[Captioned web image data]
┌────────

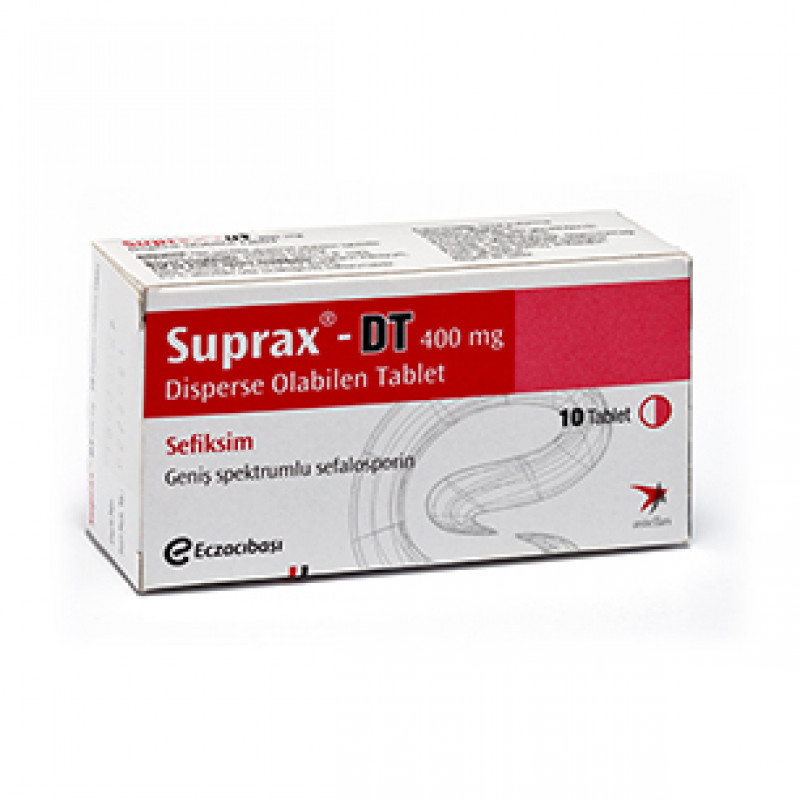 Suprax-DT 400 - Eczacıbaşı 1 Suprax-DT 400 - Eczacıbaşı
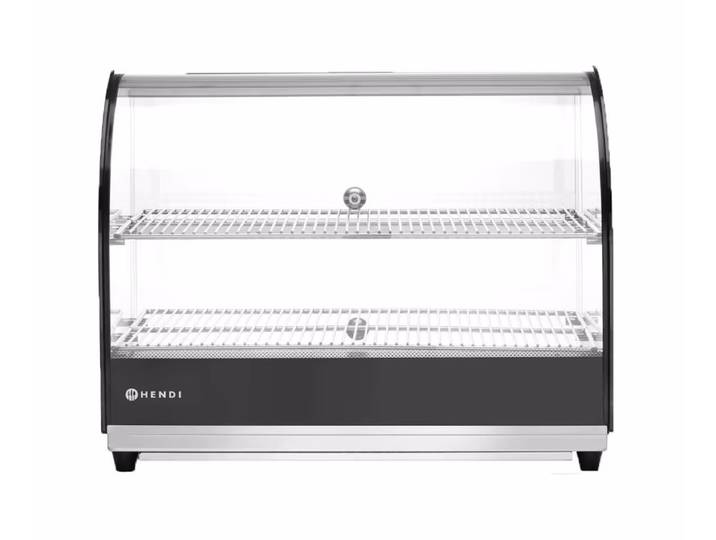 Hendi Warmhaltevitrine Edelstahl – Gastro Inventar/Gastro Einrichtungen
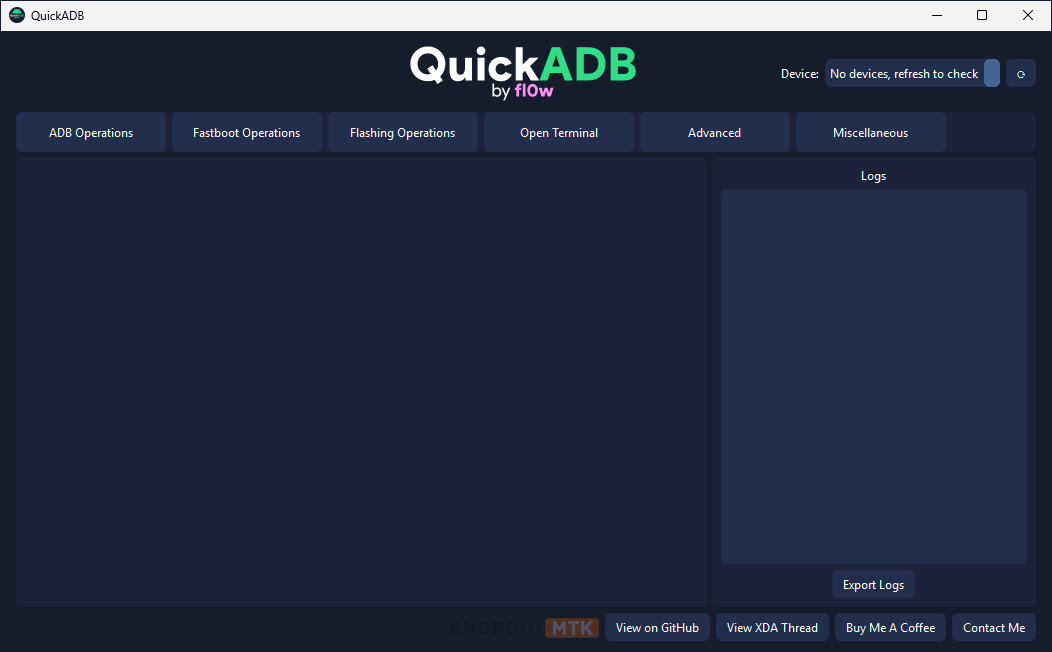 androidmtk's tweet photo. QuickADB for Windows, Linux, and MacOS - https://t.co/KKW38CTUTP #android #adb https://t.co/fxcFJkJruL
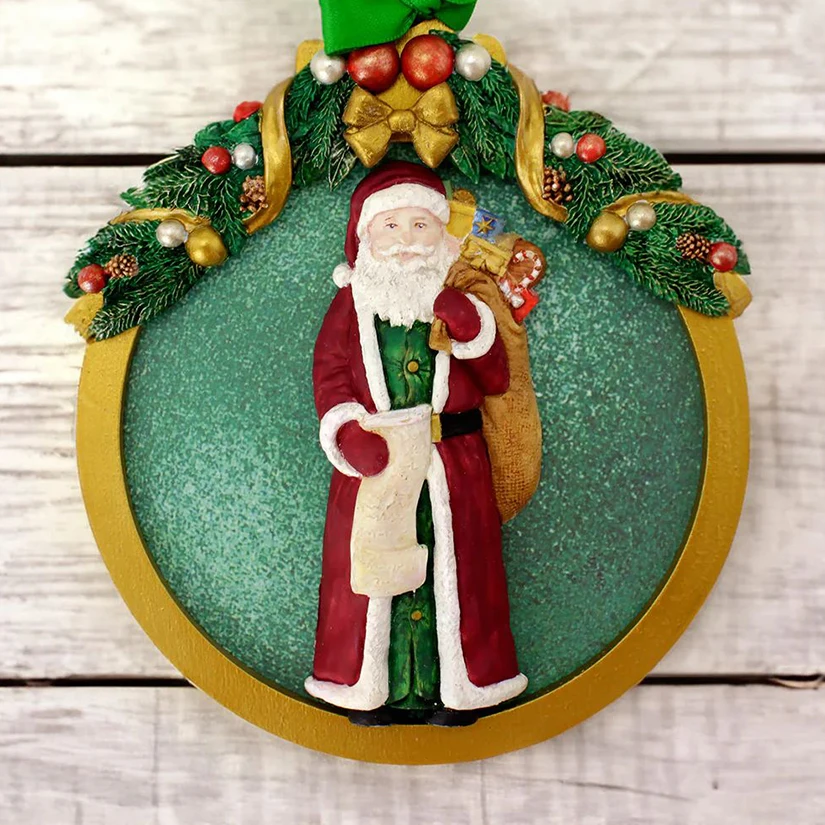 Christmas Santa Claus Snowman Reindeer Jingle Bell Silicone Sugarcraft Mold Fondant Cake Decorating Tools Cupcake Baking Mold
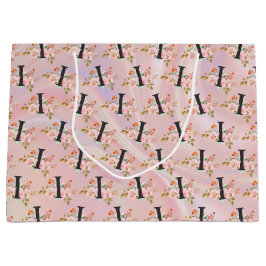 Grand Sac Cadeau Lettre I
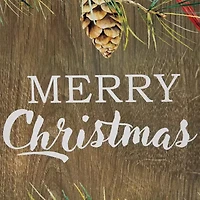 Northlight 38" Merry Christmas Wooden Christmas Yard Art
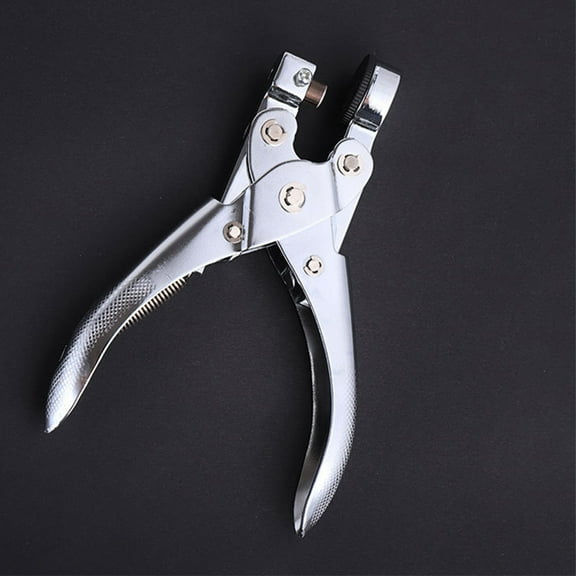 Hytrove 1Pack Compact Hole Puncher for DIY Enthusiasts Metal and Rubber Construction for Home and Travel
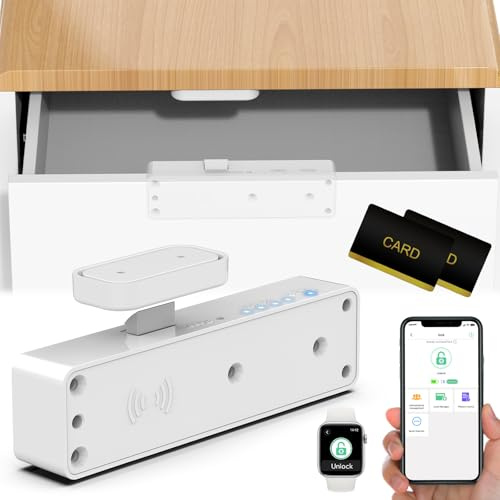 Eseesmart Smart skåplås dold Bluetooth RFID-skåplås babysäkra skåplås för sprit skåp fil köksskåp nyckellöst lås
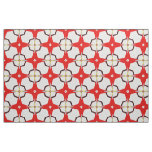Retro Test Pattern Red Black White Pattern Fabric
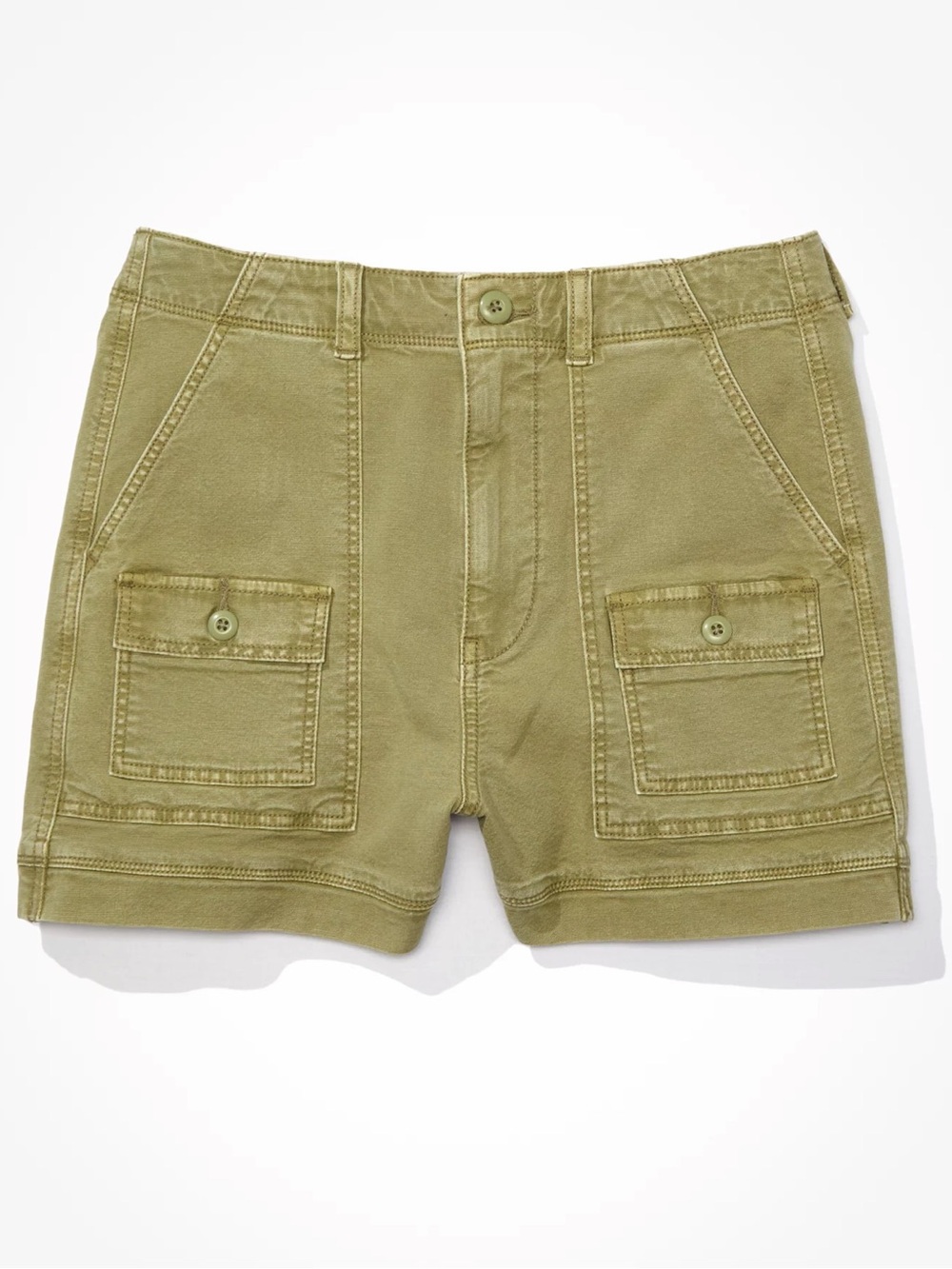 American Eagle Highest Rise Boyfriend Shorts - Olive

└────────

## What to do
What you need to copy is the run of lines from the one holding "androidmtk's tweet photo." through the end of the data, exactly and only, both ends included, pictures omitted.

## Response to the task
 androidmtk's tweet photo. QuickADB for Windows, Linux, and MacOS - https://t.co/KKW38CTUTP #android #adb https://t.co/fxcFJkJruL
 Christmas Santa Claus Snowman Reindeer Jingle Bell Silicone Sugarcraft Mold Fondant Cake Decorating Tools Cupcake Baking Mold
 Grand Sac Cadeau Lettre I
 Northlight 38" Merry Christmas Wooden Christmas Yard Art
 Hytrove 1Pack Compact Hole Puncher for DIY Enthusiasts Metal and Rubber Construction for Home and Travel
 Eseesmart Smart skåplås dold Bluetooth RFID-skåplås babysäkra skåplås för sprit skåp fil köksskåp nyckellöst lås
Retro Test Pattern Red Black White Pattern Fabric
 American Eagle Highest Rise Boyfriend Shorts - Olive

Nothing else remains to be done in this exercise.